═════ Records supplied

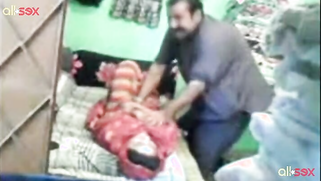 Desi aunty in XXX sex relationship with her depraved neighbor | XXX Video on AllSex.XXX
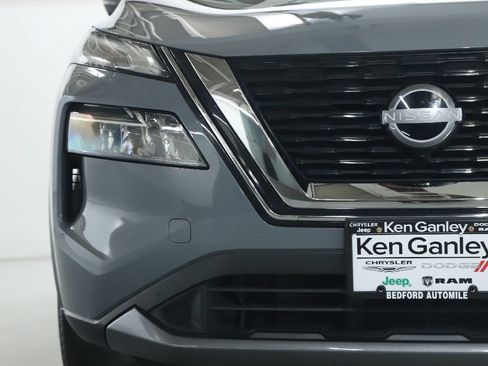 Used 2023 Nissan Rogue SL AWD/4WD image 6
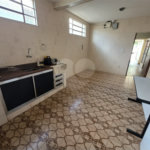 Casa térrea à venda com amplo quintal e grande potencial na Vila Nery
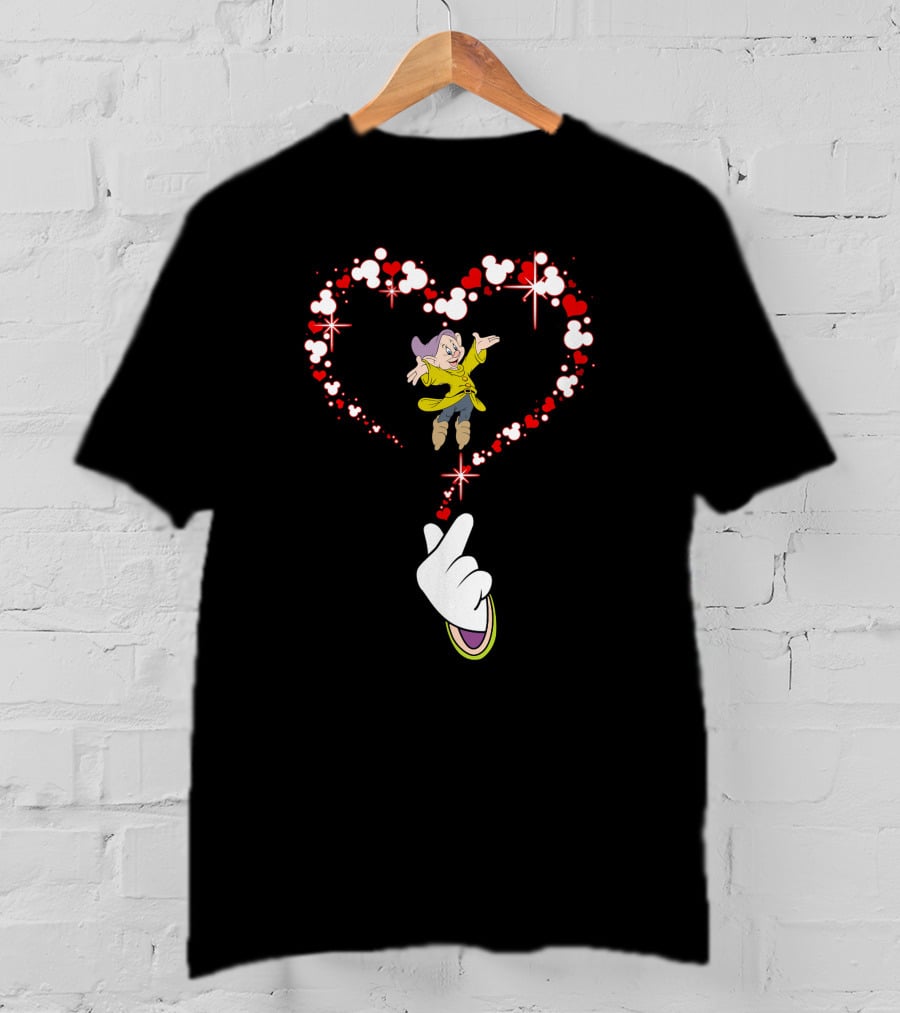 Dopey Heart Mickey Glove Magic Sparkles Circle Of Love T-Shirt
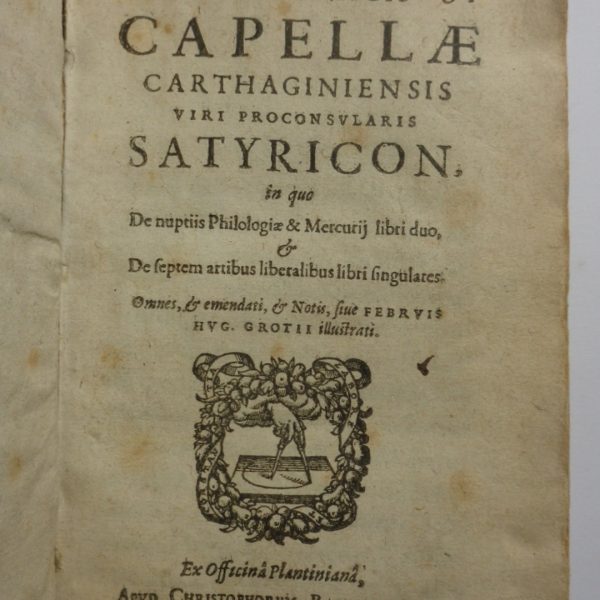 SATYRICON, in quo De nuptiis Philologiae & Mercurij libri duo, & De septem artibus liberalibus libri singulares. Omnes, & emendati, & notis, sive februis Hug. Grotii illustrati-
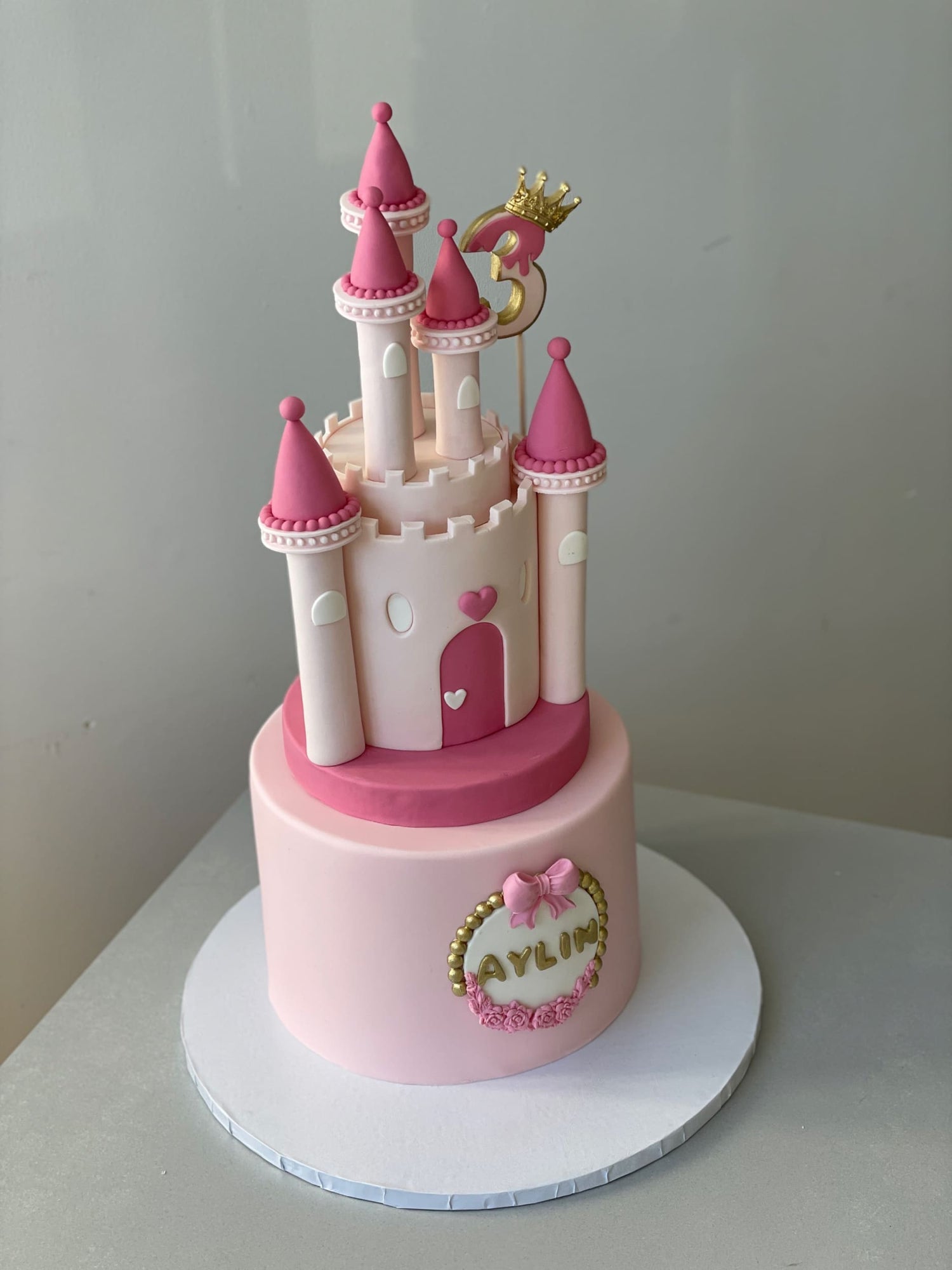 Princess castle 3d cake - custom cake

══════════
═════ Records supplied

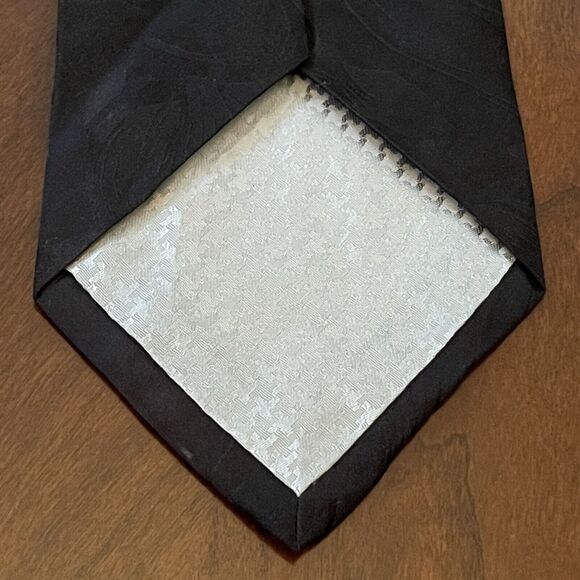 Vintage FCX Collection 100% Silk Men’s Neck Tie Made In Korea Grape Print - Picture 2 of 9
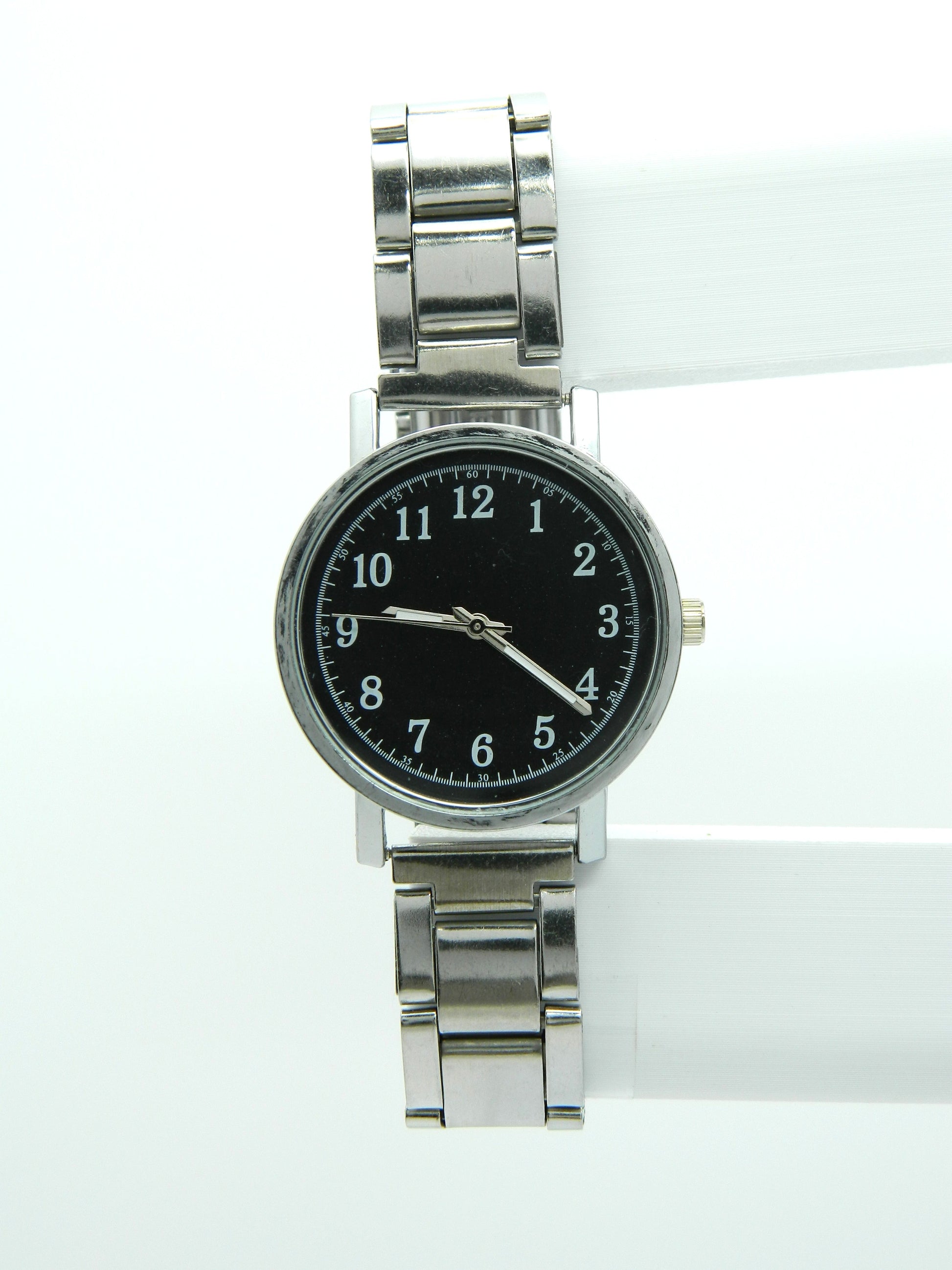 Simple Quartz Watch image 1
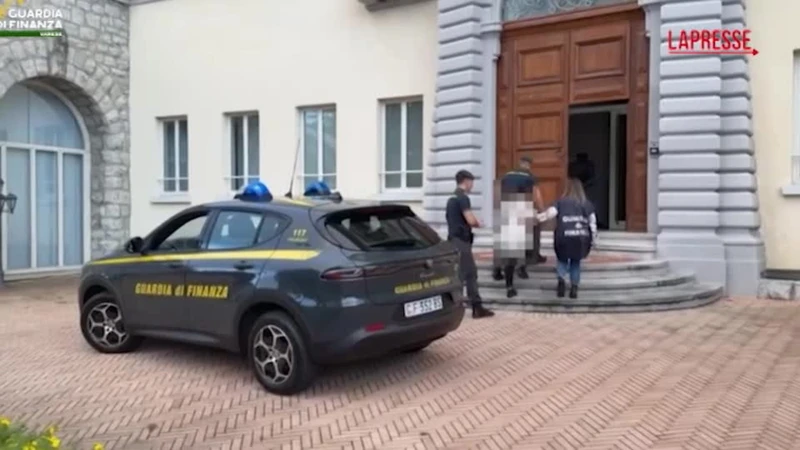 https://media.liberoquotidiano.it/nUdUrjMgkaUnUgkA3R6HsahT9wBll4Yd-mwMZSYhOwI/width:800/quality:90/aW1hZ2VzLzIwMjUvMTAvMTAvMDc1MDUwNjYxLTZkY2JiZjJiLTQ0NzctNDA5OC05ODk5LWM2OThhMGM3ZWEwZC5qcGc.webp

══════════

Directions for this task
What you return must match the lines above from the one with "SATYRICON, in quo" through the one with "Princess castle 3d cake - custom cake" exactly, with both ends included and the pictures excluded.

Reply to the exercise
 SATYRICON, in quo De nuptiis Philologiae & Mercurij libri duo, & De septem artibus liberalibus libri singulares. Omnes, & emendati, & notis, sive februis Hug. Grotii illustrati-
 Princess castle 3d cake - custom cake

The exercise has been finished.